John Hindle

John Hindle (d. c. 1800) was trained at Wainsgate by John Fawcett. After preaching for a time at Bingley, Hindle removed to the church at Pellon Lane, Halifax, where he ministered from 1779 to 1789, succeeding William Hartley. During Hindle’s time at Pellon Lane, the chapel was enlarged, the membership grew, and his salary was doubled. Unfortunately, Hindle’s personality clashed with many in the congregation, and “his irritable disposition led to his removal” in 1789, according to a church historian. He followed this with pastorates at Blackley (1791-1793) and Salt-house Lane in Hull (1794), where he succeeded John Beatson. He remained only one year and by 1798 was ministering at Rochdale Road (formerly in Coldhouse Lane) in Manchester, succeeding John Sharp.

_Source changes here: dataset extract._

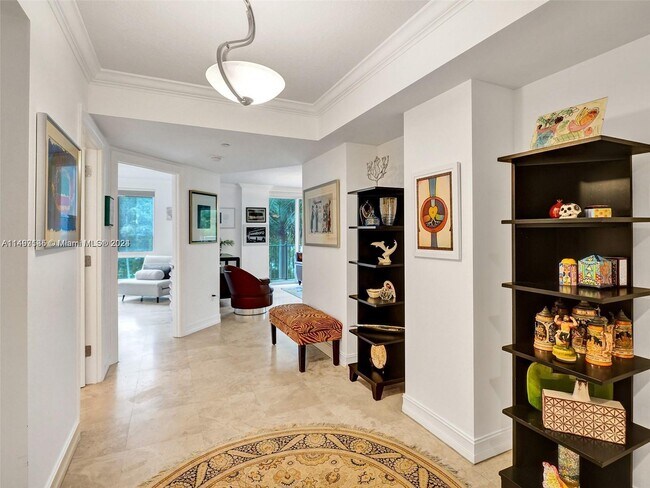 Building Photo - 9 NE 20th Ave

His tenure was short-lived, however, for he was dead by 1800. See C. E. Shipley, ed., The Baptists of Yorkshire: Being the Centenary Memorial Volume of the Yorkshire Baptist Association (London and Bradford: [n.p.], 1912), 68, 94, 101, 216; T. Michael, A Brief Historical Account of the First Baptist Church, Halifax (Halifax: S. N. Whitaker, 1890), 13; Kenneth Dix, Strict and Particular: English Strict and Particular Baptists in the Nineteenth Century (Didcot, Oxfordshire, UK: Baptist Historical Society, 2001), 34, n.16.